Timing comparison against lsqlin

I benchmarked with MATLAB + OSQP C interface using a local script named qpWork_timing.m (5-run averages).

lsqlin baseline

Wall time: about 53.96 ms
Iterations: 8
\(\lVert Cx-d \rVert_2\): \(8.261228 \times 10^0\)
\(\max(Ax-b)\): \(-9.411 \times 10^{-9}\)

OSQP (slack form)

scaling=0, eps=1e-6:
- setup about 4.71 ms, solve about 12.39 ms, total about 17.10 ms
- solved in all runs
- \(\lVert Cx-d \rVert_2 = 8.261167 \times 10^0\)
- \(\max(Ax-b) = 8.480 \times 10^{-7}\)
scaling=10, eps=1e-6:
- solve about 4357 ms
- max-iteration exit in all runs
- significantly worse residual quality
scaling=0, eps=1e-8:
- total about 123.01 ms
- solved in all runs
- tighter feasibility and similar fit
scaling=10, eps=1e-8:
- solve about 8766 ms
- max-iteration exit in all runs

What I think is happening

I do not yet have a complete explanation, but my working hypothesis is:

OSQP scaling (Ruiz equilibration) is changing the effective ADMM residual balancing in this specific block structure.
The slack formulation has a large-\(C\) equality block and a small-scale inequality block.
For this case, that rescaling seems to move ADMM into a slower path, while no scaling preserves a better trajectory.

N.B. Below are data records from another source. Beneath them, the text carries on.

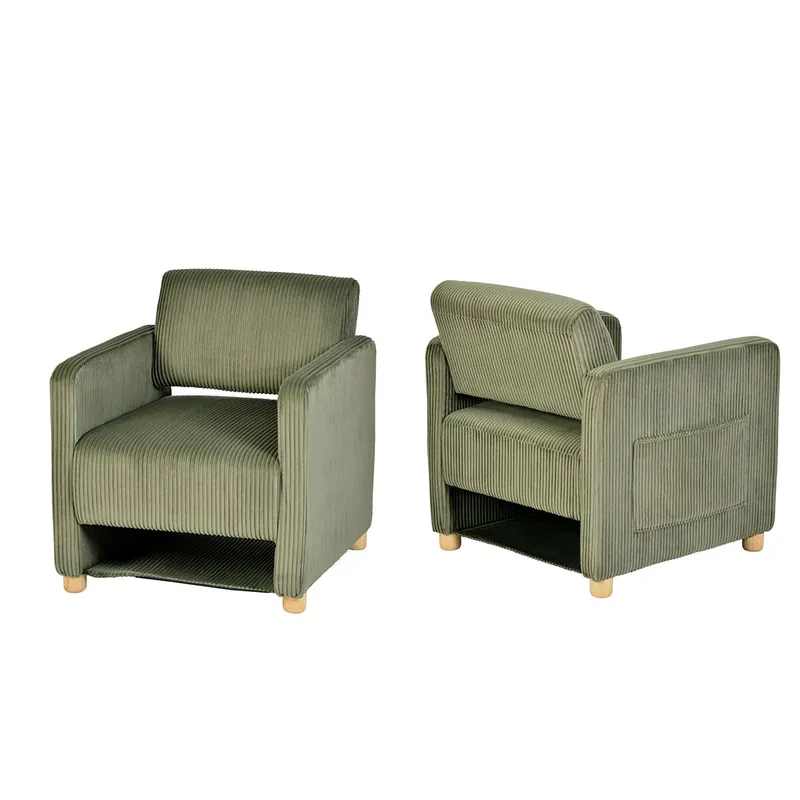 Pack de 2 Sillones Acolchados con Asiento Amplio y Reposabrazos, en Pana, Patas de Madera Maciza, Beige - Sofás sillones puffs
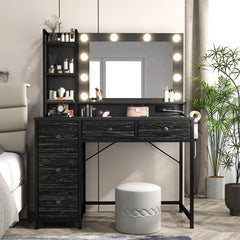 modern vanity desk with lights, 5 fabric drawers & 3-tier shelf, black vanity with hair dryer rack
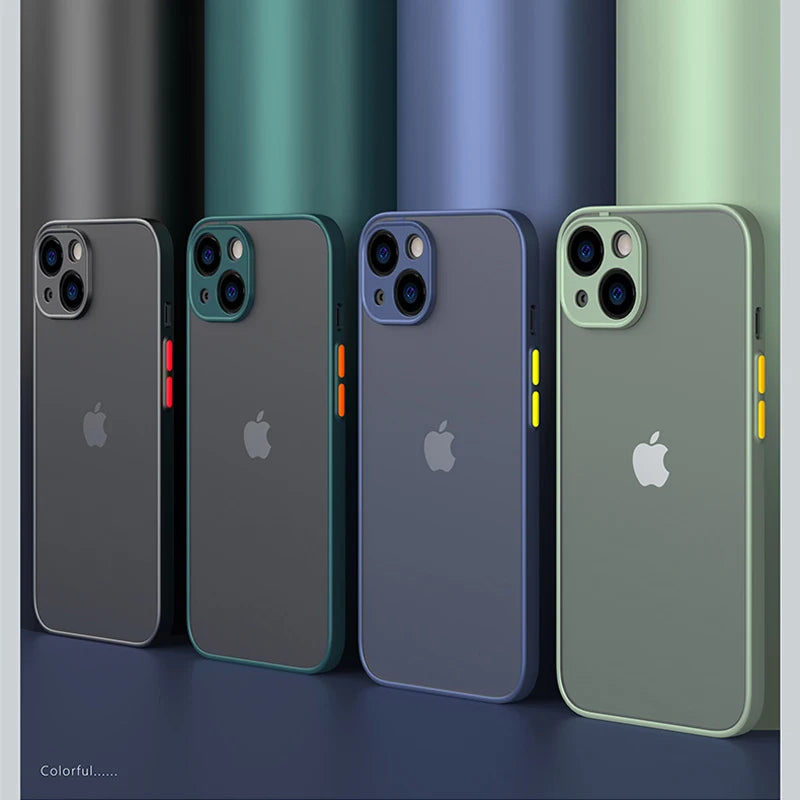Armor Bumper Shockproof iPhone Case – PC and TPU Hard Cover for iPhone 7–15 Series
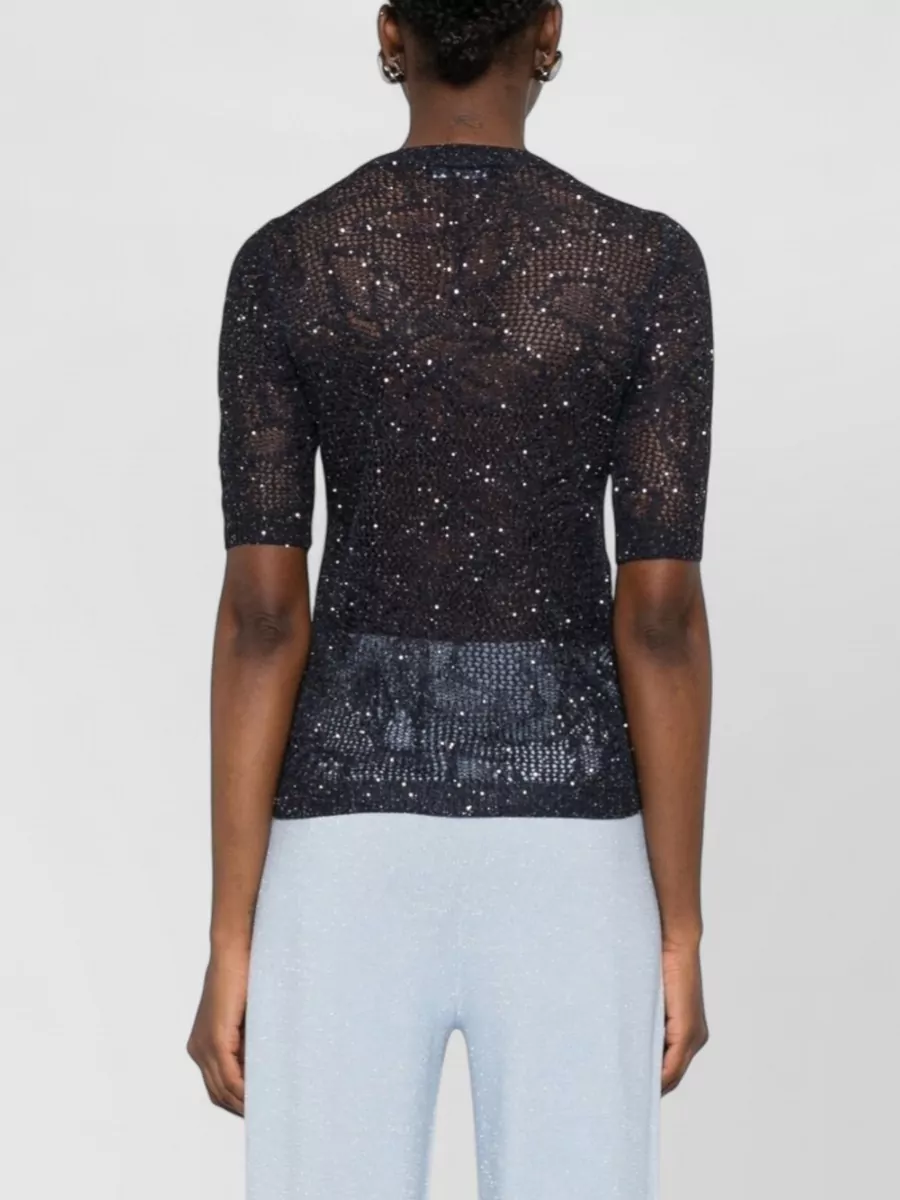 Fabiana Filippi Embellished Open-Knit Short-Sleeve T-Shirt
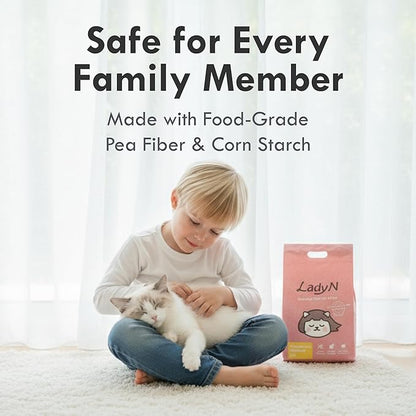 Lady N Pellet Tofu Cat Litter Yosemite Woody Scent, Strong Clumping, Ultra Absorbent, Dust-Free Low Tracking, Water-Soluble, Natural Ingredients, Enviro-Probiotic for Odor Control 9lb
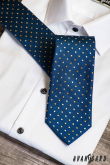 Modrá štruktúrovaná kravata s bodkami - šírka 8 cm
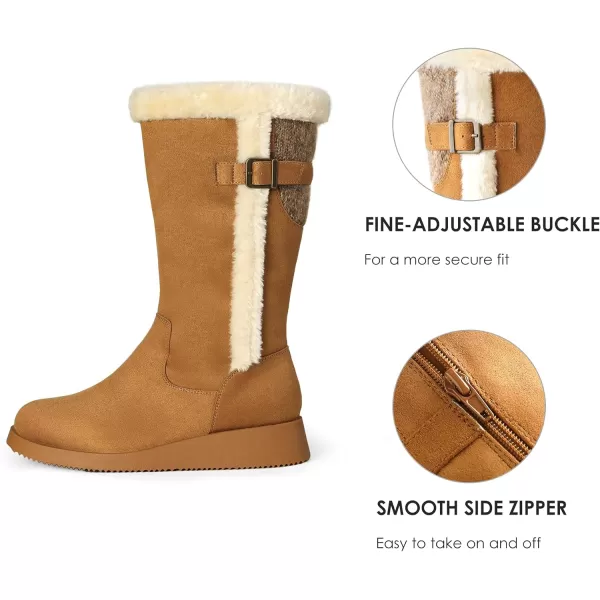 imageDREAM PAIRS Womens Winter Snow Boots MidCalf Fashion Furry Warm Tall BootCamel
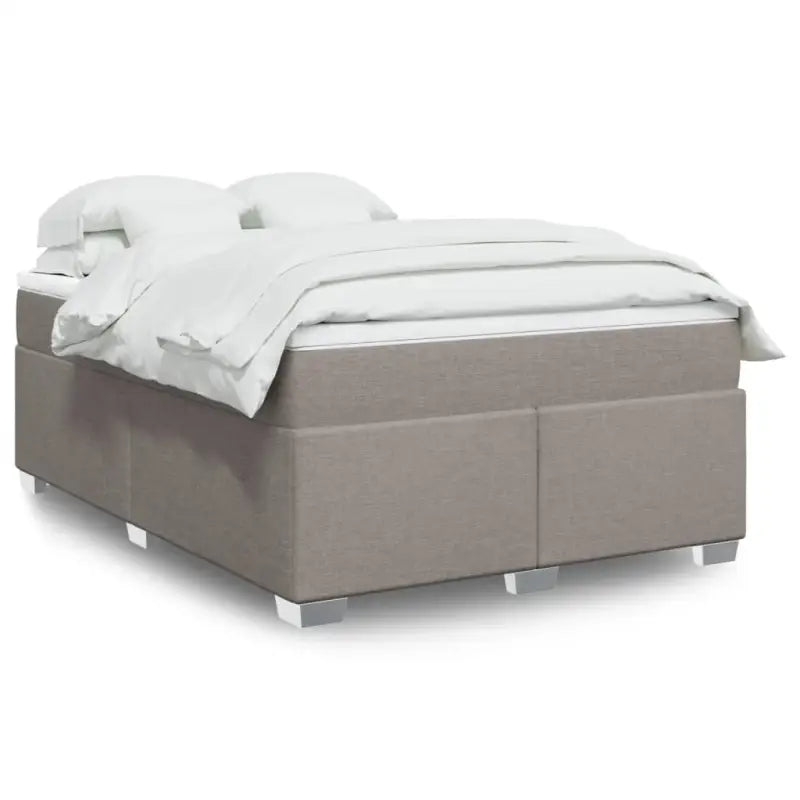 Donkerbruin boxspringbed met ademend vermogen en zachte materiaal vulling - Taupe / 140 x 200 cm - Bedden & bedframes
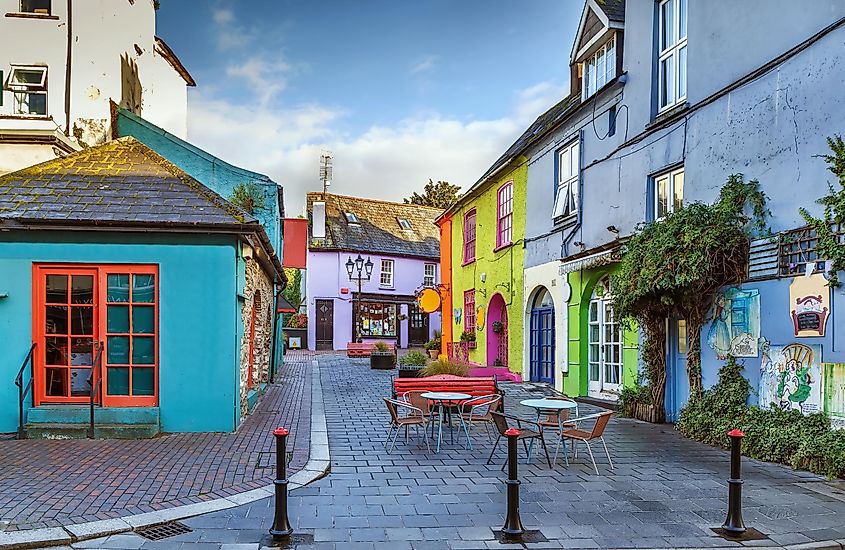 A colorful street in Kinsale, Ireland.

So scaling is not “bad” in general. It is just not universally beneficial.

Practical heuristic for an lsqlin-like OSQP wrapper

For this problem family, a robust strategy is:

Use the slack formulation (avoid \(P=C^TC\) when possible).
Pilot probe:
- run short solves with scaling=0 and scaling=10 (for example 500 iterations, eps=1e-6)
- pick the branch with better feasibility score and lower time
Full solve with chosen branch:
- adaptive_rho=true
- scaled_termination=false
- polishing=true
- eps=1e-6 for speed, eps=1e-8 for tighter feasibility

This is the direction I plan to use in an lsqlin-like interface built on top of OSQP.

Takeaway

The surprising result here is simple: for this dataset, ADMM works much better with OSQP scaling off.

It was not intuitive to me either, but the benchmark is clear and repeatable.